Procédure devant la cour :
I . Par une requête enregistrée le 25 octobre 2017 sous le n° 17BX03947, le groupe hospitalier Nord Vienne, représenté par la SCP Pielbert - Kolenc, demande à la cour :
1°) d'annuler l'ordonnance susvisée n° 1700261 ;
2°) de rejeter la demande de provision présentée par la société OHM devant le juge des référés du tribunal administratif de Poitiers ;
3°) subsidiairement, de subordonner le paiement de la provision à la constitution par la société OHM d'une garantie ;
4°) de mettre à la charge de la société OHM la somme de 2 500 euros au titre de l'article L. 761-1 du code de justice administrative.
Il soutient que :
- la requête présentée devant le tribunal administratif par la société OHM était irrecevable : d'une part, les pièces jointes à la requête n'étaient pas présentées conformément aux exigences de l'article R. 413-1 du code de justice administrative ; d'autre part, la société OHM, anciennement Orion Holding, signataire de la convention, a cédé l'exécution de cette dernière à la société Groupe Orion ou plus certainement à sa filiale à 100 % Orion Cabling, de sorte qu'à la date de sa demande de provision elle ne disposait plus d'un intérêt lui donnant qualité pour présenter une telle demande ;
- la demande de provision formulée par la société OHM présente un caractère sérieusement contestable pour les motifs d'irrecevabilité déjà exposés et aussi pour les motifs suivants : tant l'article 6-5 de la convention du 17 novembre 2014 que l'article 6-2 du cahier des clauses particulières font obstacle à ce que soit revendiqués par le titulaire de la convention de prétendus surcoûts d'investissement ; la réalité du préjudice d'exploitation allégué n'est aucunement démontré ; le titulaire de la convention n'ayant pas subi de modifications substantielles des conditions d'exploitation, le groupe hospitalier Nord Vienne n'était pas contractuellement tenu de rechercher des solutions adaptées pour faire respecter l'équilibre économique du contrat, étant précisé toutefois qu'une réunion s'est bien tenue le 17 janvier 2017 ; enfin, la convention a été résiliée pour faute du titulaire par une décision du 17 février 2017, décision qui n'a jamais été contestée, de sorte que les manquements dont elle fait état doivent être regardés comme établis ;
- subsidiairement, en cas de confirmation de l'octroi de la provision, il conviendra de subordonner le paiement de cette provision à la constitution d'une garantie.

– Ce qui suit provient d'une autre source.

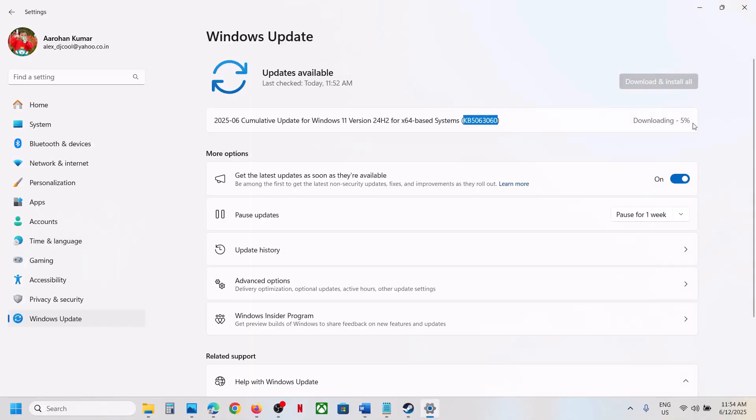After the installation, log in to your computer. One of the steps shown in this video should help you install the update KB5063060 successfully on your Windows 11 computer. That'll be all — thank you so much for your time. Please like this video and subscribe to my channel.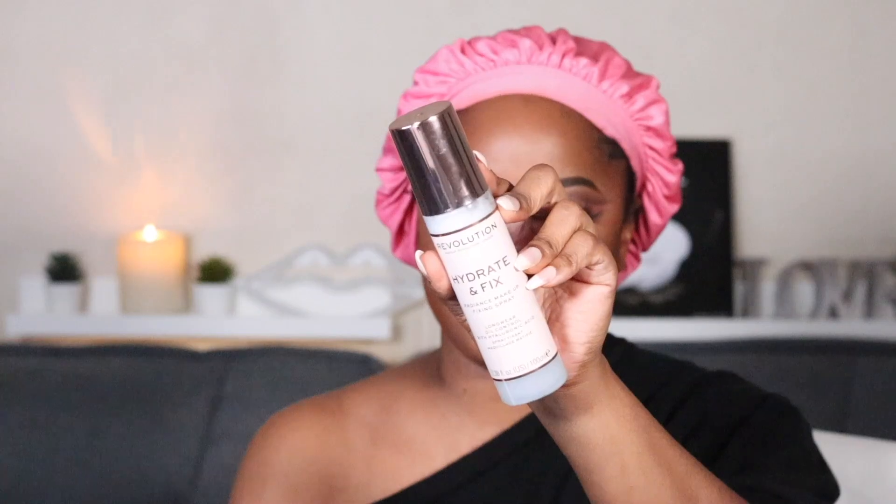I'm feeling beat! For lips — for liner I'm using BFF4 by ColourPop, and for lips I'm using Unveil by Fenty Beauty. I'm gonna turn this light off. Finally I'm gonna spray my face with the Makeup Revolution Hydrate and Fix. I will be right back.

II. Par une requête enregistrée le 14 décembre 2017 sous le n° 17BX03948, le groupe hospitalier Nord Vienne demande qu'en application de l'article R. 541-6 du code de justice administrative, il soit sursis à l'exécution de l'ordonnance n° 1700261 du 28 novembre 2017 par laquelle le juge des référés du tribunal administratif l'a condamné à verser à la société OHM une provision de 50 000 euros.
Il soutient que :
- l'exécution de l'ordonnance est susceptible d'entraîner des conséquences difficilement réparables, la société OHM connaissant une situation financière très dégradée.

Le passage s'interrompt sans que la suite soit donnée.